*Source information*

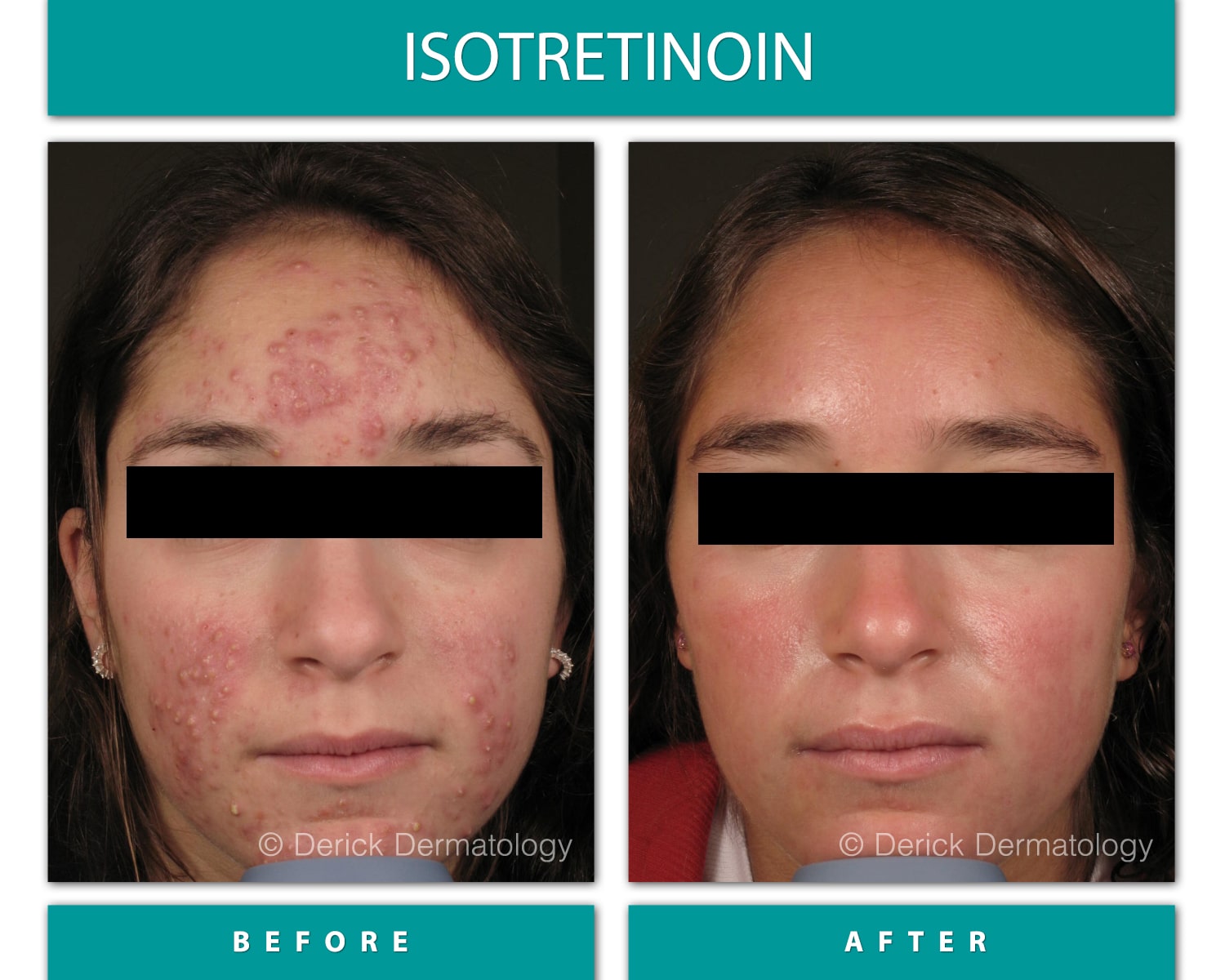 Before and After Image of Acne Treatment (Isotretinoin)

* * *

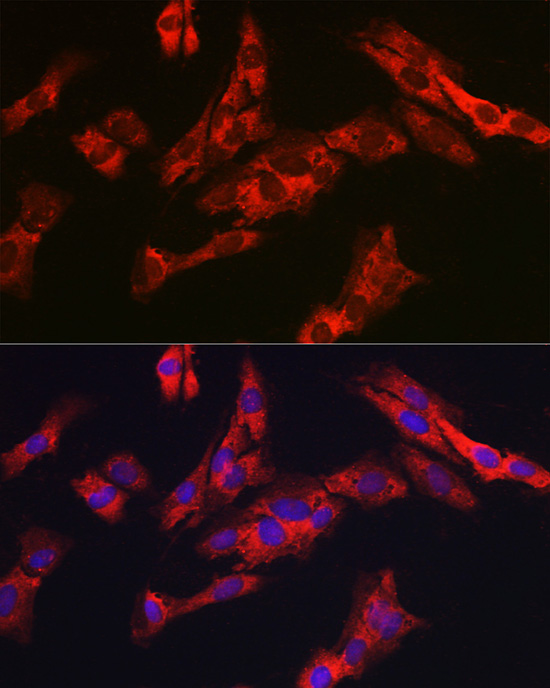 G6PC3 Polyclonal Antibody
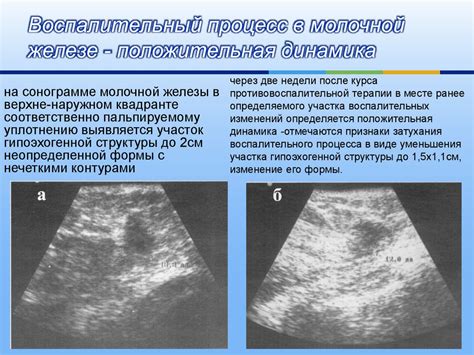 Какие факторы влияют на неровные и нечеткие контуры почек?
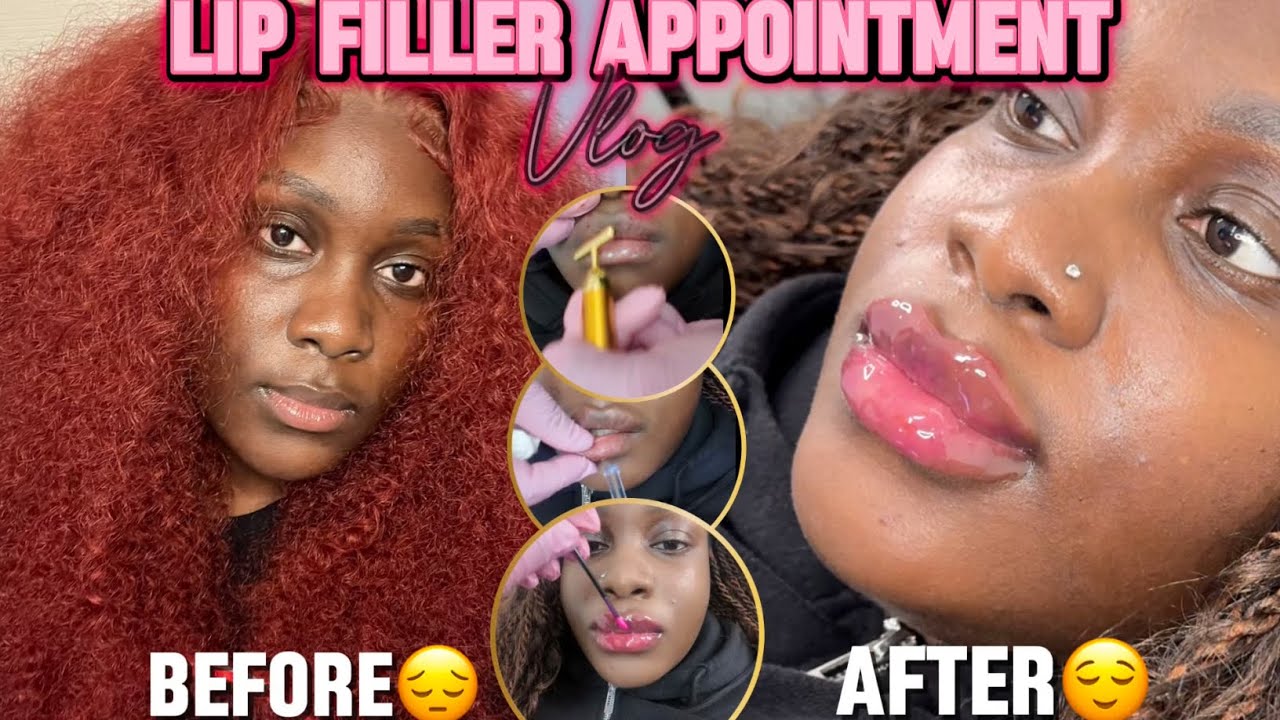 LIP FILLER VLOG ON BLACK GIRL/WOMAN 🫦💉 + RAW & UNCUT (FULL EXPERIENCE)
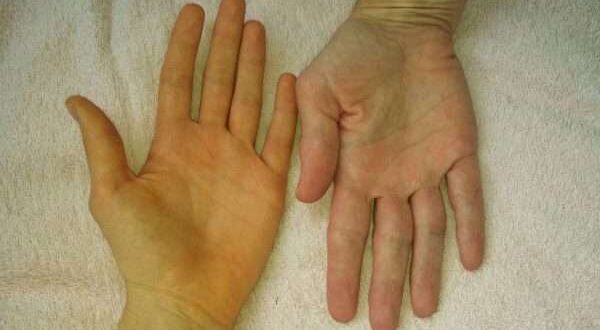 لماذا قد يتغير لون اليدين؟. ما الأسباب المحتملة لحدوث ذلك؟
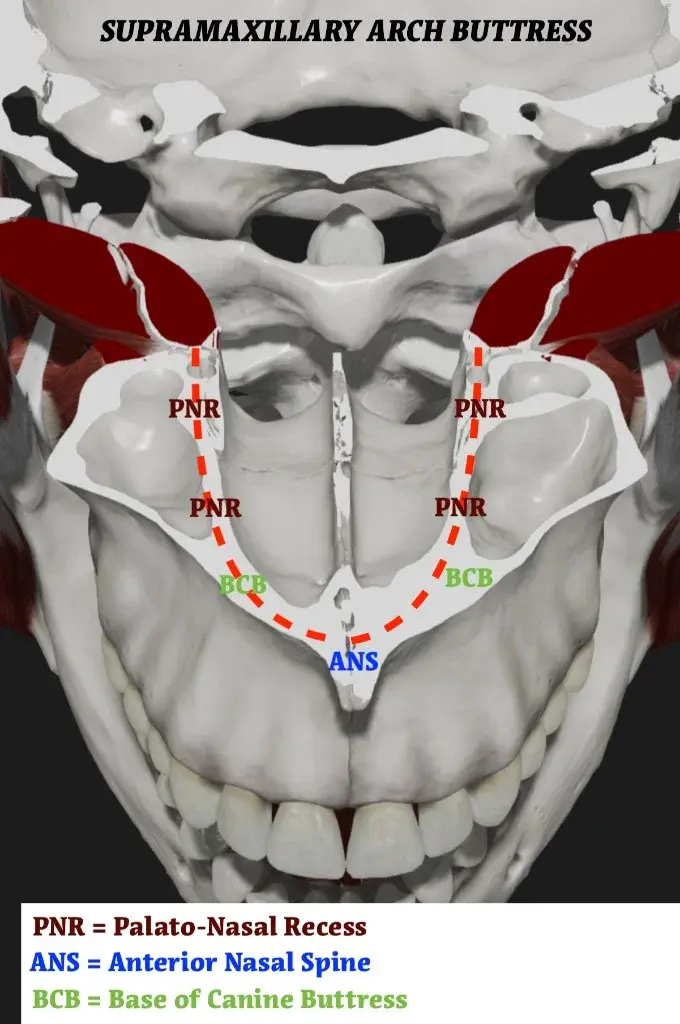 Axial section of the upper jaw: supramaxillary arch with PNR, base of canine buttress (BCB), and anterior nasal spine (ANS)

*Task details*
Output exactly the lines above, from the line with "G6PC3 Polyclonal Antibody" to the line with "Axial section of", both included; skip the pictures.

*Response area*
 G6PC3 Polyclonal Antibody
 Какие факторы влияют на неровные и нечеткие контуры почек?
 LIP FILLER VLOG ON BLACK GIRL/WOMAN 🫦💉 + RAW & UNCUT (FULL EXPERIENCE)
 لماذا قد يتغير لون اليدين؟. ما الأسباب المحتملة لحدوث ذلك؟
 Axial section of the upper jaw: supramaxillary arch with PNR, base of canine buttress (BCB), and anterior nasal spine (ANS)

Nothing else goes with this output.